A fetus cannot breathe outside its mother's body at 21 weeks; the tiny sacs called alveoli that fill with oxygen are not yet fully developed; premature lungs lack surfactant to keep the tiny air sacs from collapsing and sticking together when deflated. Yet the near future holds out the possibility that a fetus could be placed within an artificial womb, a translucent, plastic vessel filled with fluid mimicking the uterine environment. An oxygenator powered by fetal heartbeat,
In such a scenario an "extracorporeal" uterine device would nurture a viable human fetus enabling it to grow, bathed in artificial amniotic fluid until such time as the lungs, brain and other organs mature, technicians keeping watch while the sounds of a maternal heartbeat soothe the fetus. The greater majority of Canadians believe abortion should not be legal past the initiation of the third trimester of pregnancy -- 28 weeks onward.
There is a middle group identified by an extensive national survey of Canadians with more nuanced views on abortion than the committed pro-lifers and -choicers. A recently published DART & Maru/Blue poll found seven in ten Canadians think of the current situation on abortion, with no legal restrictions at any stage of pregnancy acceptable. Decades ago an earlier poll indicated that 44 percent of people surveyed believed abortion should be legal in some circumstances, with 32 percent saying when the woman wanted it, and 22 percent that it be prohibited unless the mother's life was in danger.
The current DART poll found one in ten considers abortion unacceptable; the majority -- 71 percent -- feel a woman should have access to an abortion once she decides she wants to have it, irrespective of reason. Yet a deeper issued revealed itself when the survey highlighted areas of ethical and moral debate where, though two-thirds (62 percent) of Canadians led by Quebec and British Columbia, identify primarily as pro-choice, and only one in ten as pro-life (led by Alberta, at 19 percent), one quarter of Canadians felt uncomfortable in either category.

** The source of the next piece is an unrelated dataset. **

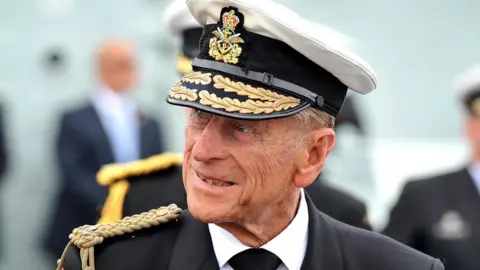 John Stillwell/PA Wire The Duke of Edinburgh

Of those, three-quarters believe an abortion should be legal when evidence exists that the fetus may be mentally or physically impaired, while six in ten believe abortion should be legal if the woman or family is unable to raise the child affordably. Canadians believe almost unanimously (93 percent) that doctors should be lawfully required to inform women of potential risks of surgical abortion prior to the procedure. Over three-quarters favour a law that would require doctors to inform women about abortion alternatives, like adoption.
A law requiring women seeking abortion to wait 24 hours between counselling and committing to the procedure is favoured by two-thirds of respondents, while half believe a law should require women under 18 to have parental consent for an abortion, and seven in ten feel abortion should be illegal in the final three months of pregnancy. And while a dominant majority reject abortion outright for sex selection -- usually favouring males -- only 57 percent believe abortion should be legal in the second trimester.
As to the question whether government should debate the issue of abortion, three-quarters of respondents feel matters would best be left as they are, yet the status quo reflects that Canada is alone in the world with no legal boundaries on abortion even while half of Canadians feel politicians should at the very least be willing to discuss providing some regulatory framework. The extremes on both sides of the issue, points out Ms. Kissling, a pro-choice Catholic herself, control the politics in their entrenched warfare, paying no mind to moral complexities, reducing the debate to absolutist positions.